Kazuki1450/Qwen3-1.7B-Base_csum_3_10_rel_1e0_1p0_0p0_1p0_grpo_42_rule
TEXT GENERATIONConcurrency Cost:1Model Size:2BQuant:BF16Ctx Length:32kPublished:Mar 18, 2026Architecture:Transformer Cold

Kazuki1450/Qwen3-1.7B-Base_csum_3_10_rel_1e0_1p0_0p0_1p0_grpo_42_rule is a 2 billion parameter language model fine-tuned from Qwen/Qwen3-1.7B-Base. This model utilizes the GRPO (Gradient-based Reinforcement Learning with Policy Optimization) method, as introduced in the DeepSeekMath paper, to enhance its capabilities. It is specifically optimized for tasks that benefit from advanced mathematical reasoning and robust problem-solving. With a 32768 token context length, it is suitable for applications requiring deep contextual understanding and precise logical inference.

Loading preview...

Overview

This model, developed by Kazuki1450, is a fine-tuned version of the Qwen3-1.7B-Base model, featuring approximately 2 billion parameters and a 32768 token context length. It was trained using the TRL framework and incorporates the GRPO (Gradient-based Reinforcement Learning with Policy Optimization) method.
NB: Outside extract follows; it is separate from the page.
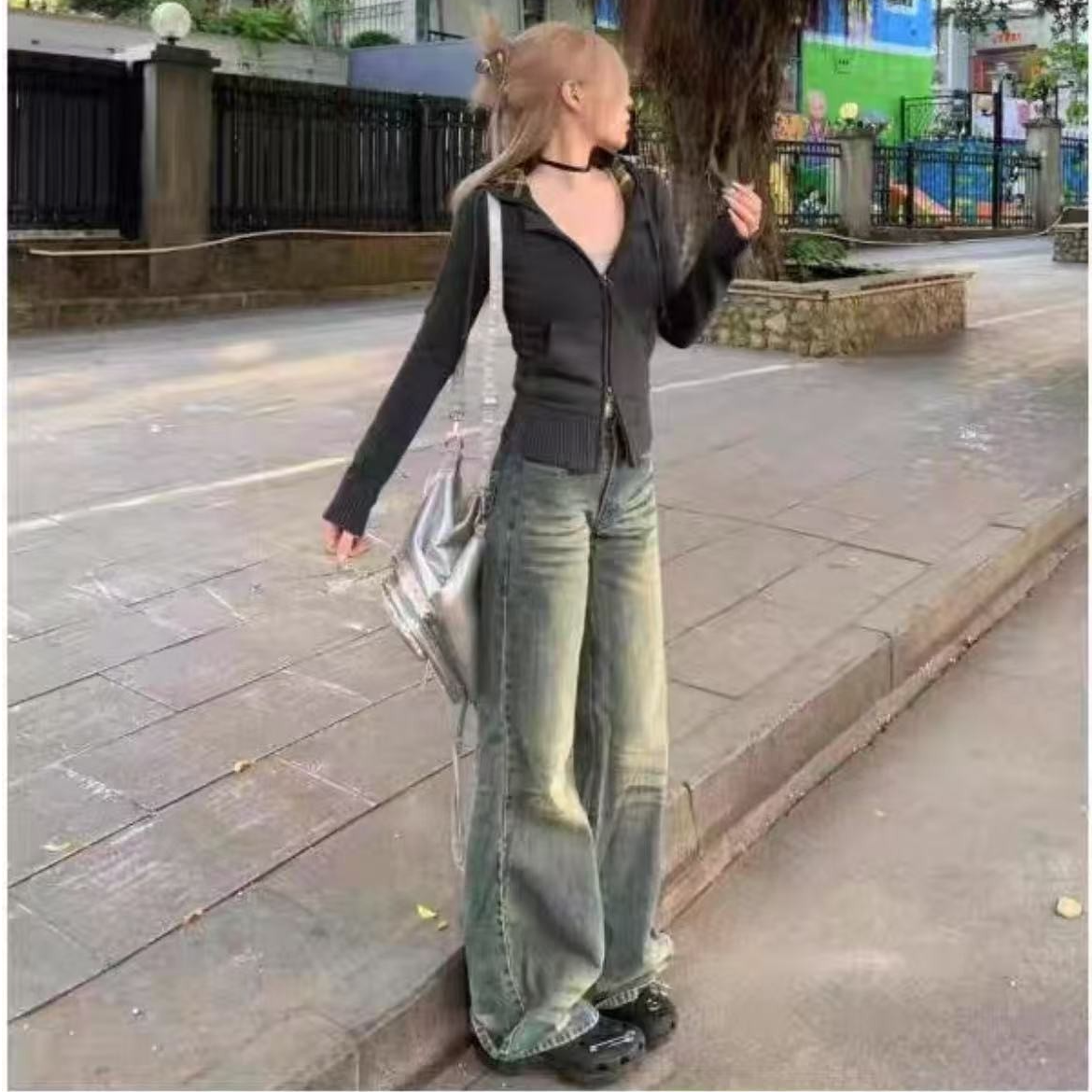 胖鹅张~”洗水味重！需要通风！“美式复古猫爪纹阔腿一点微喇裤#5756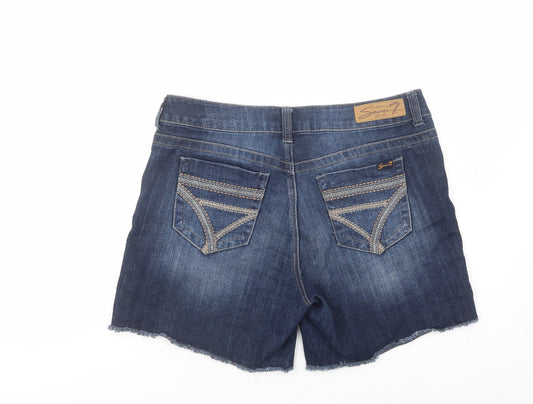 Seven Womens Blue Cotton Cut-Off Shorts Size 34 in L6 in Regular Button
GRPO is a technique highlighted in the research paper "DeepSeekMath: Pushing the Limits of Mathematical Reasoning in Open Language Models" (arXiv:2402.03300), suggesting an optimization towards enhanced mathematical and reasoning capabilities.

Key Capabilities

  • Mathematical Reasoning: Leverages the GRPO training method, indicating a focus on improving mathematical problem-solving and logical inference.
  • Base Model Foundation: Built upon the Qwen3-1.7B-Base architecture, providing a strong general language understanding foundation.
  • Extended Context Window: Supports a 32768 token context length, enabling processing of longer inputs and maintaining coherence over extended dialogues or documents.

Good For

  • Mathematical Tasks: Ideal for applications requiring robust mathematical reasoning, complex calculations, or logical deduction.
  • Research and Development: Suitable for researchers exploring advanced reinforcement learning techniques like GRPO in language models.
  • Context-Heavy Applications: Beneficial for use cases where understanding and generating text based on extensive context is crucial.